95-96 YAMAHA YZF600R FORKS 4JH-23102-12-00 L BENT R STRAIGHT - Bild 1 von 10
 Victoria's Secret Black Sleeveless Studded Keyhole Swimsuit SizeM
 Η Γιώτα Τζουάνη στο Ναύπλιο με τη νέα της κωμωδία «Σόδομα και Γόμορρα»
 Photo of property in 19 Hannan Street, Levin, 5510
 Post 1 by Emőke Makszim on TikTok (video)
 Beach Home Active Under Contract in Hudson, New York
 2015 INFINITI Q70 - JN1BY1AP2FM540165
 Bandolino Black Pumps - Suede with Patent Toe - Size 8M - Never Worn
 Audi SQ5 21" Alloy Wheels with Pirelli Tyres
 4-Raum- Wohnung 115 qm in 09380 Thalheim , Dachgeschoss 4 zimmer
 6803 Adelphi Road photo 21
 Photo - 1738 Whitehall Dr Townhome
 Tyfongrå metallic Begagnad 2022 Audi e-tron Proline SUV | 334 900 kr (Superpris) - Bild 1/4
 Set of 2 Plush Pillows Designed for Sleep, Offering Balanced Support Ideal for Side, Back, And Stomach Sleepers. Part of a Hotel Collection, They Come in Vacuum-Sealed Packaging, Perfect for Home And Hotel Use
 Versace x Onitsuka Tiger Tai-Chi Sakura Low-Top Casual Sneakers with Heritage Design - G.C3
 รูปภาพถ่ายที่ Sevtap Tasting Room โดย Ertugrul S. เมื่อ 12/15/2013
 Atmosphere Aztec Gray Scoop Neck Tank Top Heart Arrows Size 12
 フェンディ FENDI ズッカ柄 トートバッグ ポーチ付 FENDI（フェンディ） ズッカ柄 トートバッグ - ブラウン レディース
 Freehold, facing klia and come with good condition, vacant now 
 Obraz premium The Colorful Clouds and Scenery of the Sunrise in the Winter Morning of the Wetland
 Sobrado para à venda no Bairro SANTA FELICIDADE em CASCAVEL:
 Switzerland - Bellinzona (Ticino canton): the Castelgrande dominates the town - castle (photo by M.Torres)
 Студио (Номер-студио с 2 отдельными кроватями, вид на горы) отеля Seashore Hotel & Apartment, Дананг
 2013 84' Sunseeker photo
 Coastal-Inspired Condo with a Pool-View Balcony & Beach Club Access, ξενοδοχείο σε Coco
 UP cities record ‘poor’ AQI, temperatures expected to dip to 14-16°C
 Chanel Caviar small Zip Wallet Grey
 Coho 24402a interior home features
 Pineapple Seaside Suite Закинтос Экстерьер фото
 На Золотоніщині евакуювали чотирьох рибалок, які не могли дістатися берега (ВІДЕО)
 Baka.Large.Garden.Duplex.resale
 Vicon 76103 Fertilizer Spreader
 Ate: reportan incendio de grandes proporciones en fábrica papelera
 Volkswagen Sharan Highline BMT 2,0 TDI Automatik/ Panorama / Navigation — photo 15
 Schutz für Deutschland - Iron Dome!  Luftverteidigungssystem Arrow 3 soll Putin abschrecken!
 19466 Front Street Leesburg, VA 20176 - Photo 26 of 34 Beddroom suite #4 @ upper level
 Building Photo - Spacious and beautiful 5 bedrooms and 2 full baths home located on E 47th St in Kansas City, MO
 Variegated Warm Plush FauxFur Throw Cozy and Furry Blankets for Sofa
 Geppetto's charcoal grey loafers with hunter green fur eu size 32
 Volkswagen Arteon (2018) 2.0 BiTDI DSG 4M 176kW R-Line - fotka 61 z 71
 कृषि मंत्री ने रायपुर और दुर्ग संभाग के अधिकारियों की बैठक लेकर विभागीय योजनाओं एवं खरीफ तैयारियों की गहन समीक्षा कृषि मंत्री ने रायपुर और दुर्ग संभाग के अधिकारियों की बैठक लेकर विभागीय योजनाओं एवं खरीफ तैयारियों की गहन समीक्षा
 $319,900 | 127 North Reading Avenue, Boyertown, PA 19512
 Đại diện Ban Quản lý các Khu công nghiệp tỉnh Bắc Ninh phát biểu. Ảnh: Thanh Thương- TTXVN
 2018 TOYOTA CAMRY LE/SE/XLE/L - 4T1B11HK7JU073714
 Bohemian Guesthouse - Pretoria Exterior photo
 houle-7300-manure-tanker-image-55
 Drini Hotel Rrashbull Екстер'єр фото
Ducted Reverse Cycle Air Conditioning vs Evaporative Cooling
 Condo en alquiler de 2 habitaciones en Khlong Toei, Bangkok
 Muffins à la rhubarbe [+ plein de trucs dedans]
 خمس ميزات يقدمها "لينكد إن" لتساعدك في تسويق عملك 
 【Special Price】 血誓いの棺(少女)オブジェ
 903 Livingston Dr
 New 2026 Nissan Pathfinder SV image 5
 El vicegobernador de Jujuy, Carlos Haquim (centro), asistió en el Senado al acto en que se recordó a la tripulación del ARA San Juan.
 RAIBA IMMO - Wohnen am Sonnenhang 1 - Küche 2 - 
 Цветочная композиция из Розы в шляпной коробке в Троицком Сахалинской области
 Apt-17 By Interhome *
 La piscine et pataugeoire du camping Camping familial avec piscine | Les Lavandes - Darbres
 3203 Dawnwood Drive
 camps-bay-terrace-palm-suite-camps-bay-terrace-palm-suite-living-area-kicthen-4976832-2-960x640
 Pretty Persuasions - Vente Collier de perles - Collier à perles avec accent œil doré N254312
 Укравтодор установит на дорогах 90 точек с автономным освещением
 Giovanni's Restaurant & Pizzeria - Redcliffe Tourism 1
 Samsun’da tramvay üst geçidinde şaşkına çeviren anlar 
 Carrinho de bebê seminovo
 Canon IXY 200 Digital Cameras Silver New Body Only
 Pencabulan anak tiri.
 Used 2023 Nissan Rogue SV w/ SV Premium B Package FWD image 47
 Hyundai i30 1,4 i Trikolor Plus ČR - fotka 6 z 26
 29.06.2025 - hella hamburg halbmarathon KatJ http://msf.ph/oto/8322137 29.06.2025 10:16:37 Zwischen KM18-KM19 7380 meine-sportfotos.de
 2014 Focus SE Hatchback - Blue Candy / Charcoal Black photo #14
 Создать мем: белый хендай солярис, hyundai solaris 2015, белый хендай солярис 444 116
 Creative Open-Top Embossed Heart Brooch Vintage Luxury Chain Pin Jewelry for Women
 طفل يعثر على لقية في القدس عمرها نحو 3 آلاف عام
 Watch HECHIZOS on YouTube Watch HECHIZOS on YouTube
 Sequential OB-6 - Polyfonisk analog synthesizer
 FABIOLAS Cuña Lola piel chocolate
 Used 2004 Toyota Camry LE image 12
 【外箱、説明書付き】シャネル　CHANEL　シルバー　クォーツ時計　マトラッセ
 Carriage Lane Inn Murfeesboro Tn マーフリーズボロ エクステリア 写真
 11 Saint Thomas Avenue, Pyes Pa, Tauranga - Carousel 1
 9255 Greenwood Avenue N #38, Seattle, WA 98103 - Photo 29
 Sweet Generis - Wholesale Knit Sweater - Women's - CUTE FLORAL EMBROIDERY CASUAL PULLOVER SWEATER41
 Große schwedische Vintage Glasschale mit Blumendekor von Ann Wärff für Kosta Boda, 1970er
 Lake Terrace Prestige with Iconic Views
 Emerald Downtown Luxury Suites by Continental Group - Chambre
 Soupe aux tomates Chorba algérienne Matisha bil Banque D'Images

- ASSIGNMENT
Filter the listing above for lines with the word "Nissan", and copy each one you find.

- RESPONSE AREA
 New 2026 Nissan Pathfinder SV image 5
 Used 2023 Nissan Rogue SV w/ SV Premium B Package FWD image 47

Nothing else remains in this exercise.